Peck began his comedic career doing standup at the age of eight. He described how at first he tried to fit in with other kids, which he said was difficult because of his weight. He made jokes about other people because, he said, “if I make fun of you first you can’t make fun of me.”

Peck always wanted to be on the hit show “All That,” and while he was never offered a position on the cast, at 13 he was invited to be on “The Amanda Show.” Although it took the persuasion of his mother to go forward with it, Peck took the job. This began Peck’s Nickelodeon career, as he next starred in “Drake and Josh” for four seasons. Peck regained popularity on the social media platform Vine, and has since moved to YouTube, where his vlog channel has over 1 million subscribers.

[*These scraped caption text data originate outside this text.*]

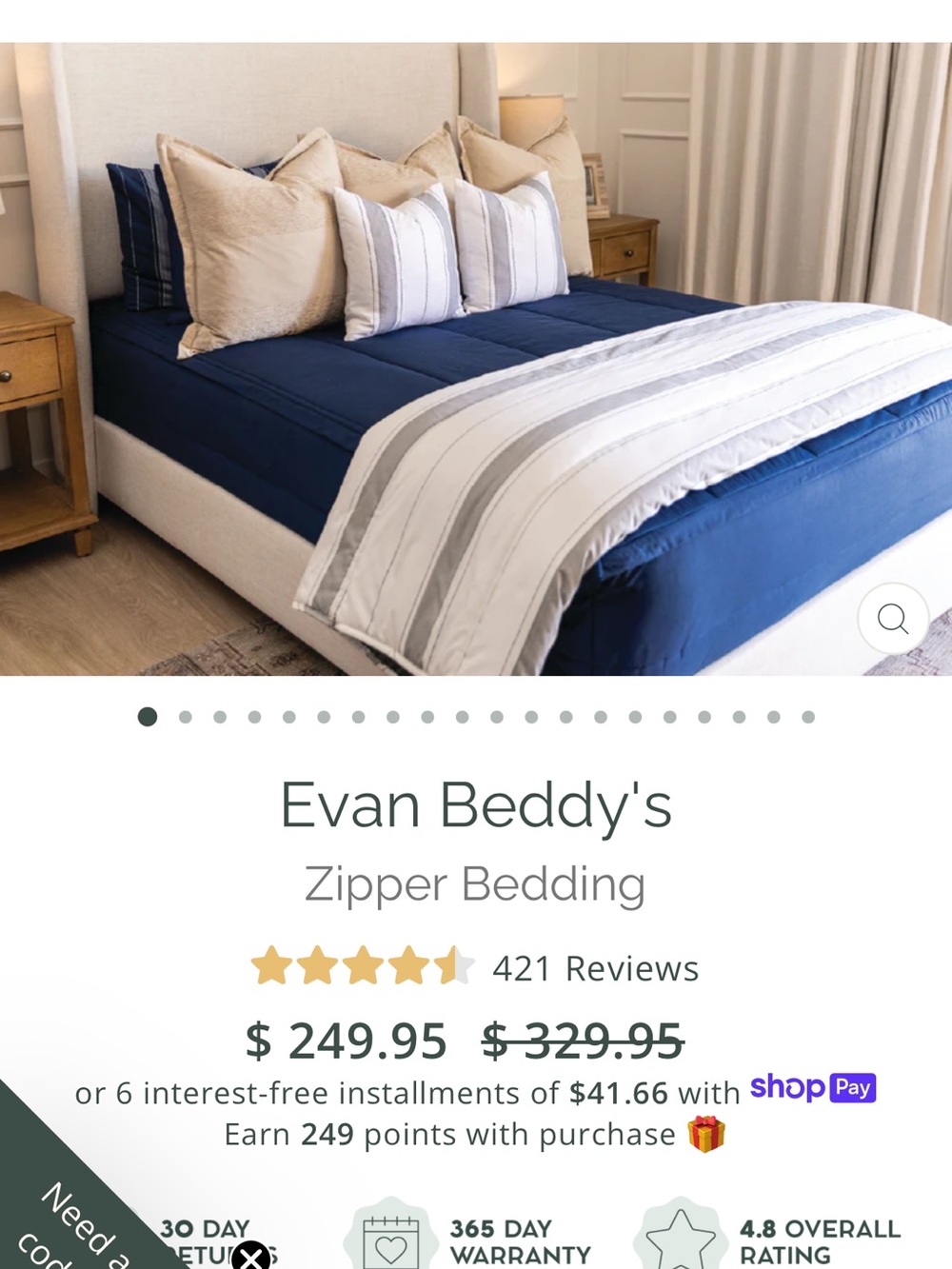 Buddy’s Navy Zipper Full size Bedding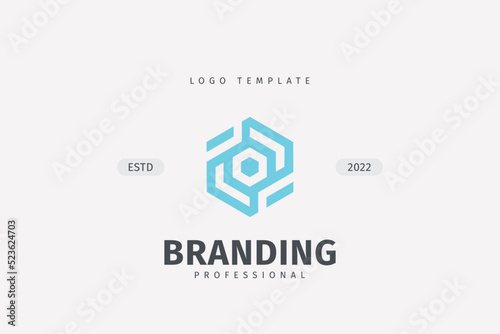 Hexagon Trade Marketing Trading Networking Vector Logo Concept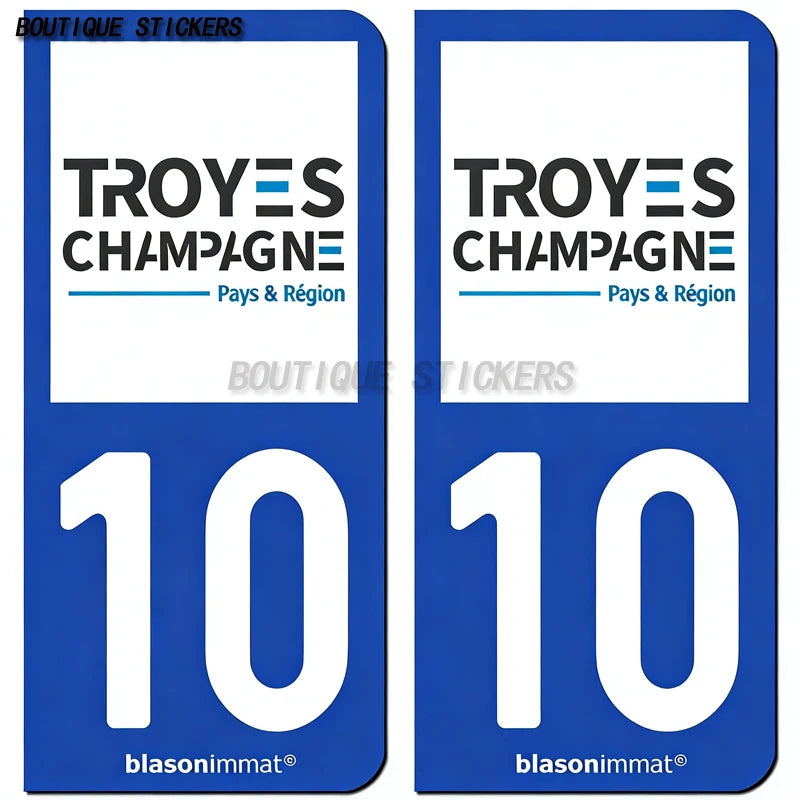 2Pcs Exquisite French license plate stickers in black and blue10 Bar-sur-Aube Troyes - aglo Bar sur aub - agglo PVC étanche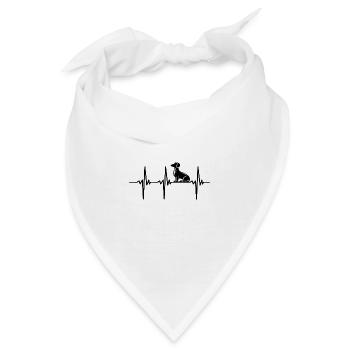 Herzschlag für Dackel Hunde - Bandana - Weiß - Vorne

When asked by O’Neil about advice he would give to college students, Peck said the best advice he could give is to be yourself, take risks, believe in yourself, get over yourself, not worry about what other people are doing or how far ahead they are, and to “find something that makes your soul happy.”

Peck also advised students to “take the next step and keep doing that, just see if you can string together a bunch of days where you’re going toward a goal that makes you excited.”

The conversation carried a light-hearted tone, but moved to subject matter that Elyse Nissley ’21 said had “a maturity that reflected both the age of his audience and his own stage of life.”

Peck also touched on how social media is a platform that can be used for assisting people with performance and arts. “It’s really kind of a special time because you no longer need to go through the gatekeeper,” Peck said.

According to Peck, in order to make it in the acting or writing industry in the past, you needed to be in Los Angeles or New York with an agent, but now because of social media people are able to be discovered much more easily. Peck explained that if you’re passionate about something you post, it will find an audience. One of the last pieces of advice Peck gave to students was that it is important to find the answer to the question of “Why does what I do matter?” He used himself as an example, saying that he loves that his comedy gives people a break from their lives.

“I thought it was great how he stayed true to himself as a comedian even though it was a sit-down talk. I liked how he stayed really connected and interactive with the audience,” Emily Taylor ’21 said.

Nissley claimed Peck was “everything I could have hoped for from one of my favorite childhood actors. He brought to the stage the same comedy and charisma that those of us who watched ‘Drake and Josh’ had come to love. It was easy to see that while ‘Drake and Josh’ fans, as well has Peck himself, have grown up, his gift of making people laugh is just as strong as ever.”